The Uni-Bell PVC Pipe Association has set up a Watermain Break Clock site showing real time numbers and costs of water main breaks. According to the information posted, there are 850 water main breaks that occur each day in North America. A quick search on Twitter gives us a snapshot of just a few of these: http://twitter.com/#!/search/water%20main%20break. (I've also added a widget on the side showing a stream of tweets talking about water main breaks.)
In the last city where I worked, ductile iron or cast iron pipes were used for main construction up until about 1990. It was about that year that we started putting in PVC for new mains or for replacements. In the 20 years I worked in that area, all of our breaks were on the metal pipe, and we probably averaged 10 to 20 breaks a year.

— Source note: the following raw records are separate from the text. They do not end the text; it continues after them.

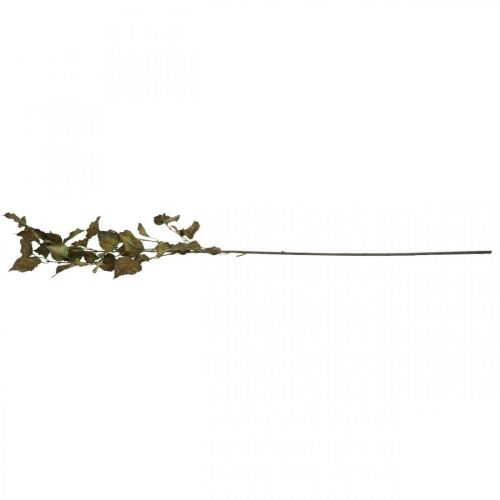 Floristik24 Deco rama haya artificial rama otoño rama deco 115cm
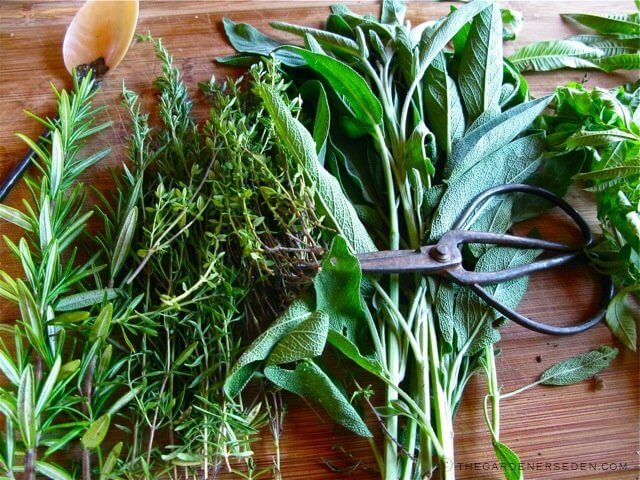 Summer Time Herb Harvest Rosemary Thyme Sage and Mint from the Potager ⓒ Michaela at TGE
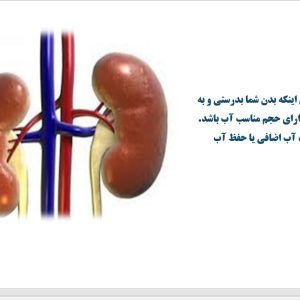 پاورپوینت فیزیولوژی کلیه
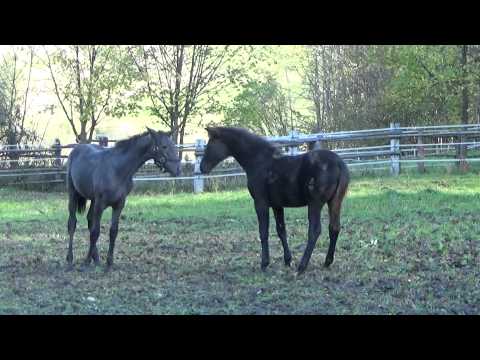 Rubina Phantasia meets Dane Sahne.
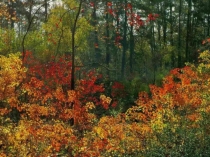 Презентвция по дошкольному образованию звук а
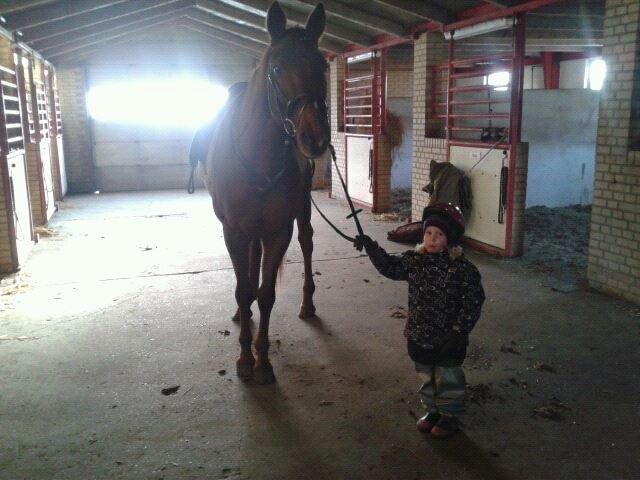 Anden særlig race Nippy - Nippy og Sommer.. :D billede 7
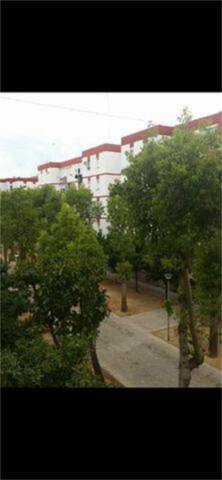 Piso en Alquiler en Pino Montano - Consolación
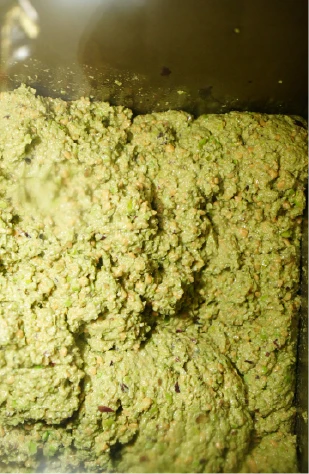 Olive Paste Being Gently "Malaxed" In Our Olive Mill To Prepare It For Separation.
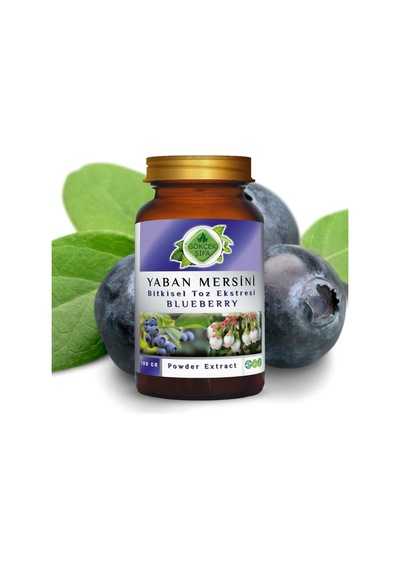 Gökçek Şifa Yaban Mersini Blueberry Toz Ekgerginliki 100 Gr Cam Kavanoz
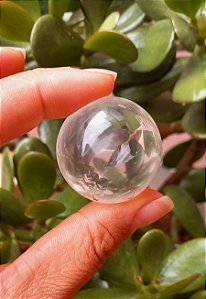 Bola de Cristal Transparente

Of course, the PVC mains were new – by the time I left that job, the oldest PVC main we had was about 20 years old. So did the PVC perform better because of the material or age? Where I work now, they have been using ductile iron exclusively for main construction so obviously all of our breaks are on metal pipes – I think we have about 20 to 40 a year.
But over the last few months I have been working on a water main extension project to install about 1300 feet of new main. We priced out the pipe the other day and compared the PVC costs with the ductile iron costs – PVC was cheaper by half. With the economy the way it is, I believe we will be buying the PVC pipe, and based on the data on this site, it looks like we'll be preventing some future main breaks.